[Source data]
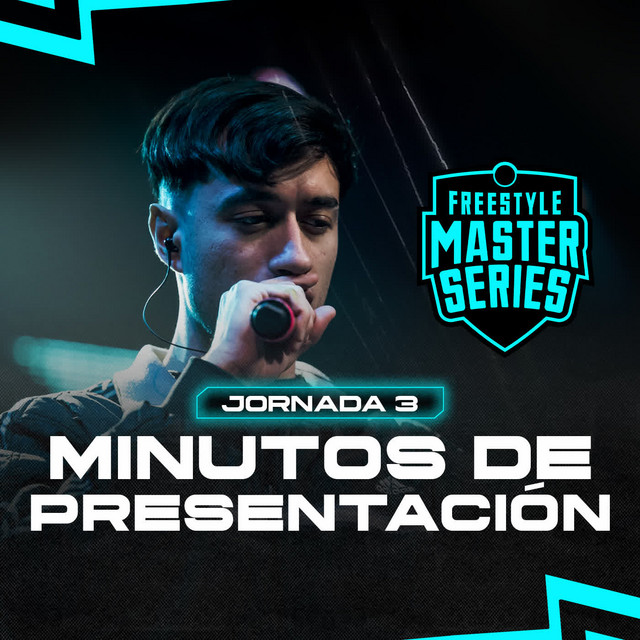 Minutos de Presentación - FMS ARGENTINA T5 2023 Jornada 3 (Live) cover art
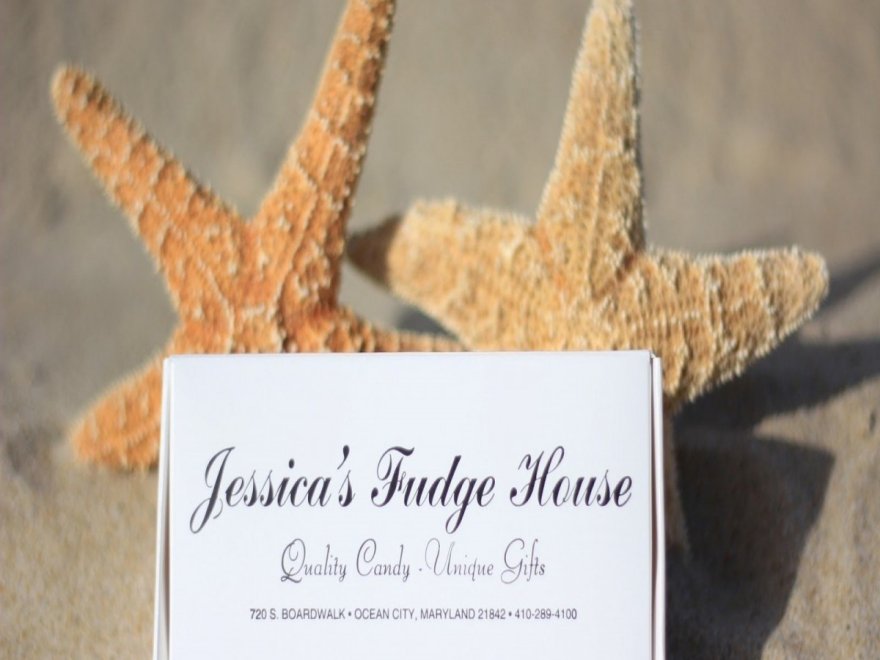 Jessica's Fudge House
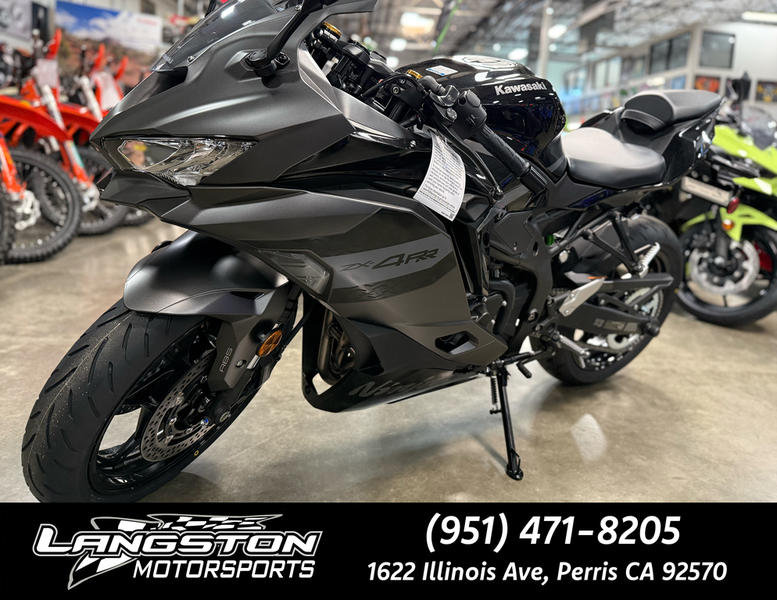 2026 Kawasaki Ninja® ZX™-4RR ABS | Langston Motorsports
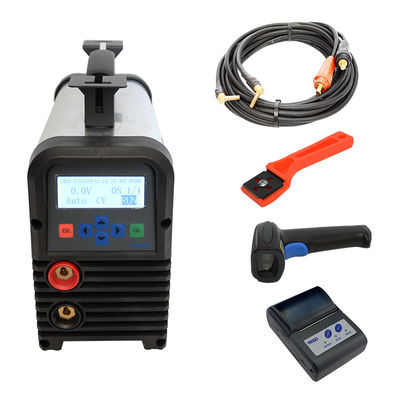 20 - 200 máquina de soldadura automática do milímetro 220V fáceis de operar Electrofusion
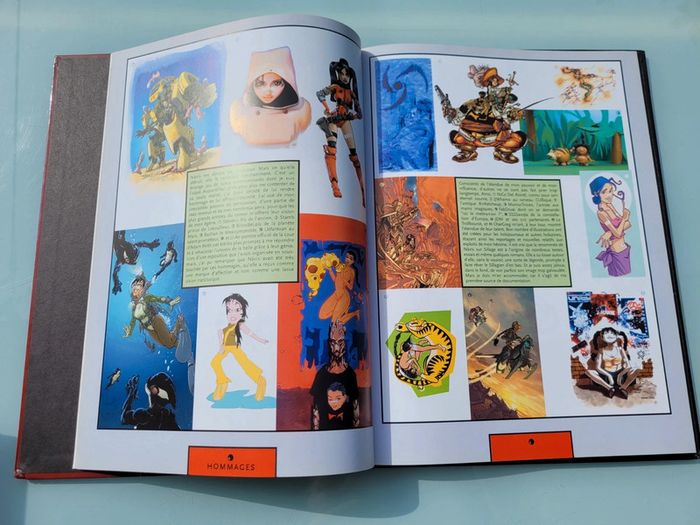 BD EO cotée Sillage Le collectionneur, Édition Delcourt (28) - photo numéro 7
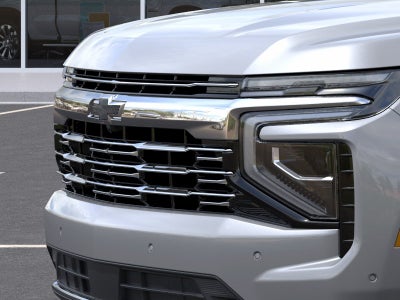 2027 Chevrolet Tahoe Premier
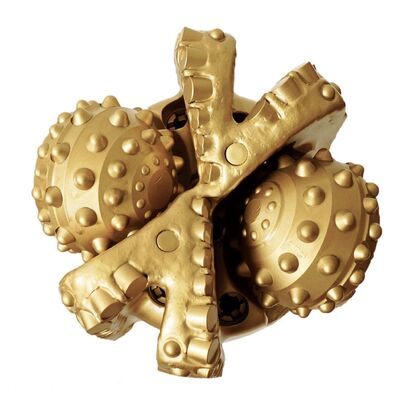 Εταιρεία API 5-7/8 ιντσών Υβριδικό ρόλο κώνου PDC τρυπάνι για το ορυχείο πετρελαίου φυσικού αερίου γεωτρήσεις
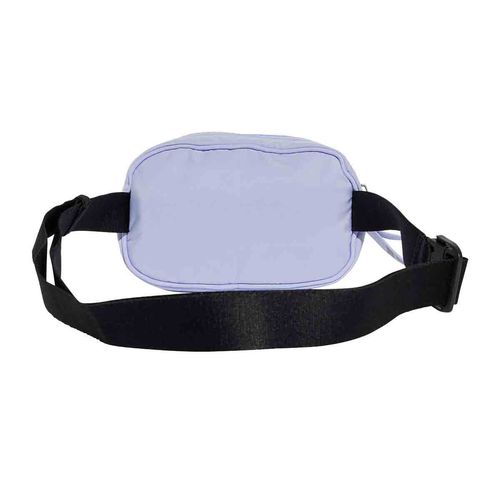 Cangurera Adidas morado jd2252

EXERCISE PROMPT
Would you transcribe exactly, and only, the lines from the one containing "20 - 200 máquina" through the last line of the records above, both included, leaving out the pictures?

TASK SOLUTION
 20 - 200 máquina de soldadura automática do milímetro 220V fáceis de operar Electrofusion
 BD EO cotée Sillage Le collectionneur, Édition Delcourt (28) - photo numéro 7
 2027 Chevrolet Tahoe Premier
 Εταιρεία API 5-7/8 ιντσών Υβριδικό ρόλο κώνου PDC τρυπάνι για το ορυχείο πετρελαίου φυσικού αερίου γεωτρήσεις
 Cangurera Adidas morado jd2252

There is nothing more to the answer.